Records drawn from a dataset
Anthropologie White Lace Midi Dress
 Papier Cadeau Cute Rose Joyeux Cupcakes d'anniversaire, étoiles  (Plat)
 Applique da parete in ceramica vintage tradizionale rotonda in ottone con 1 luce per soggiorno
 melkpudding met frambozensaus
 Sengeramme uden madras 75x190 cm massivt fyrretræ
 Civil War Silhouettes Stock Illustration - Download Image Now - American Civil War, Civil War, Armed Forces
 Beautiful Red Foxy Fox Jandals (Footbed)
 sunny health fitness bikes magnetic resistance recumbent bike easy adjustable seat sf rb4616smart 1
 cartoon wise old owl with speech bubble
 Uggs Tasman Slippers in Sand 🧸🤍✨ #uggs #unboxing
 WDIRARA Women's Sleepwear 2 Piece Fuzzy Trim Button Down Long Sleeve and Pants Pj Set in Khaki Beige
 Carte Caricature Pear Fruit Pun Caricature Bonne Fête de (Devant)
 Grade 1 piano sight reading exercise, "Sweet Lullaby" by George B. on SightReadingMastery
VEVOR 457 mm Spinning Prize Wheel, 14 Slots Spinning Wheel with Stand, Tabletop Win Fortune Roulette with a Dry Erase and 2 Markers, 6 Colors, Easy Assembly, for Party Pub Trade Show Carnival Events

▶ [What the exercise asks]: List all lines above in which the string "with" appears.

▶ [Solution for this problem]:
 cartoon wise old owl with speech bubble
VEVOR 457 mm Spinning Prize Wheel, 14 Slots Spinning Wheel with Stand, Tabletop Win Fortune Roulette with a Dry Erase and 2 Markers, 6 Colors, Easy Assembly, for Party Pub Trade Show Carnival Events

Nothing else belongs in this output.